Я пощупал вчерашний фингал и пробурчал:

— Это не он. Много чести. Жена постаралась.

— О, сочувствую. У меня тоже второй день скандалы — все на взводе. Особенно после вчерашнего.

— А… та авария?

— Угу. Еле отпрыска удержал, чтоб остался дома и не пошел на митинг. Даже жена порывалась — уж насколько она у меня тяжела на подъем, а все равно захотела поиграть в общественного деятеля.

— После аварии к тебе многих привезли?

— Да семеро лежат. Состояние стабильно тяжелое. Думаю, троих не вытянем. Попал бы тот мажористый урод ко мне, я бы сам ему все провода из аппаратуры повыдергивал. Твои молодцы — одного вчера хорошо прооперировали. Да и травматологи постарались — но с таким повреждениями… Эх, — Пашка махнул рукой. — Глянуть на своего хочешь?

Я задумчиво посмотрел на стол. После корриды с Лукановым адреналин бурлил в крови и совсем не хотелось заниматься нудной бумажной работой.

— Ну пошли, — вздохнул я. — Посмотрю, как мои потрудились. Кто оперировал, Диана?

— Она, — блаженно зажмурился реаниматолог. — Чудо, а не хирург. И как женщина просто конфетка!

— Не облизывайся, котяра, это мой прайд.

Павел хмыкнул.

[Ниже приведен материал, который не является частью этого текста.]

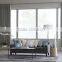 Bintronic Elegant Curtain Track System Ripple Fold Electronic Curtain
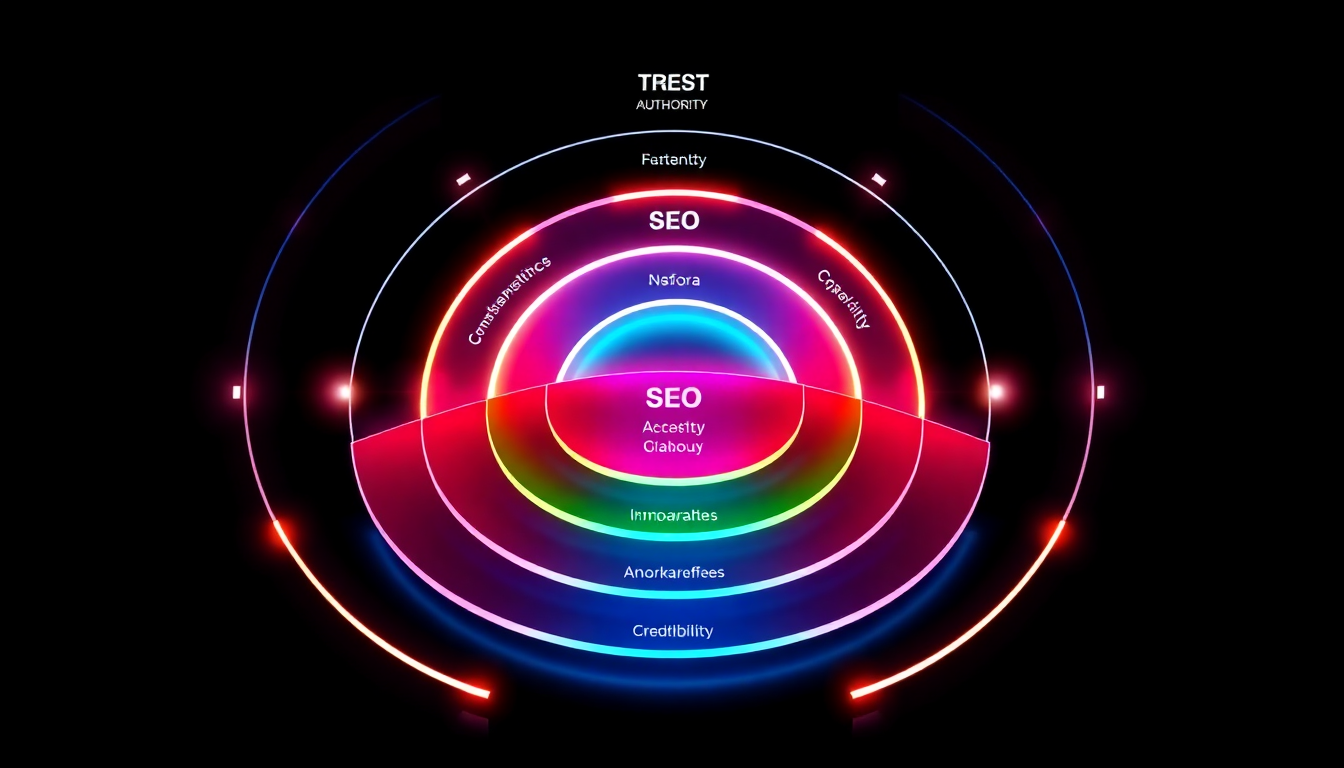 author bio infographic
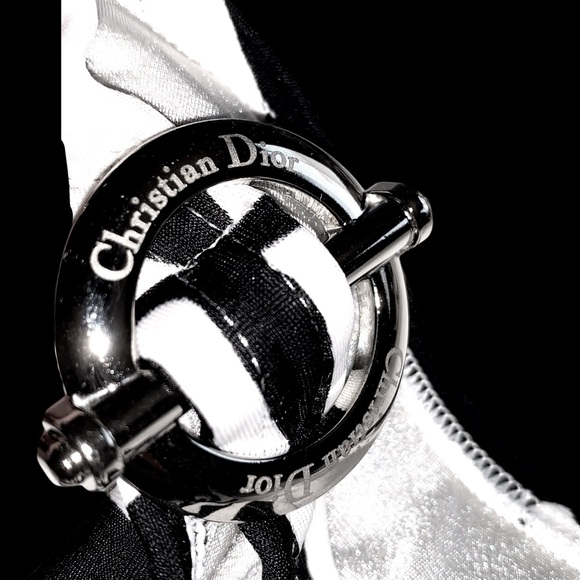 Christian Dior Vintage By John Galliano JazzClub Limited Edition Bikini Set - Picture 11 of 16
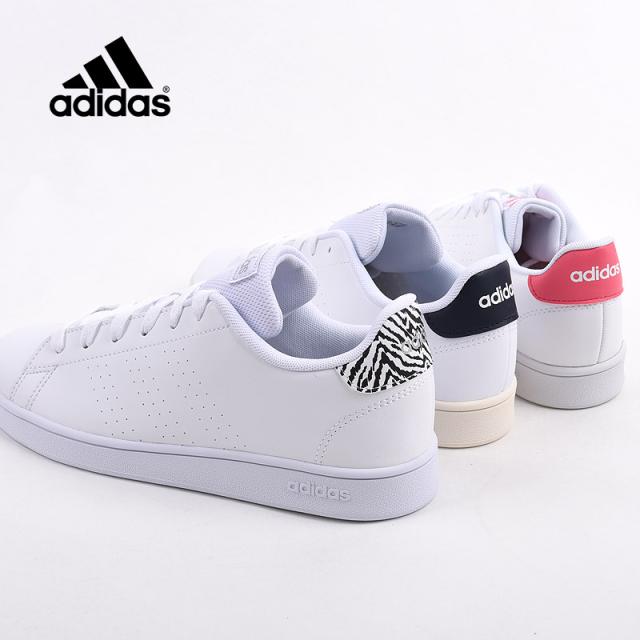 アディダス Adidas スニーカー ガールズ レディース Advancourt K Ef0211 Fw25 Gv7127 白の通販はau Pay マーケット Sports アイビー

И пошел чуть впереди, на ходу рассказывая, в каком состоянии вчера привезли пострадавших.

Всего автомобиль перемолол под три десятка человек. Раньше такая толпа ни за что бы не скопилась, но теперь транспорт еле ходит, на остановках очереди. Бо льшая часть людей попала в больницы в крайне тяжелом состоянии — их развезли по стационарам, где имелись более или менее оборудованные реанимации. У нас пока все живы, в других больницах дела похуже, есть уже первые умершие. На самой остановке, по слухам, остались пятеро. Кто бы мог подумать, что один дорогой автомобиль с бестолковым мажором за рулем может принести в мир столько горя.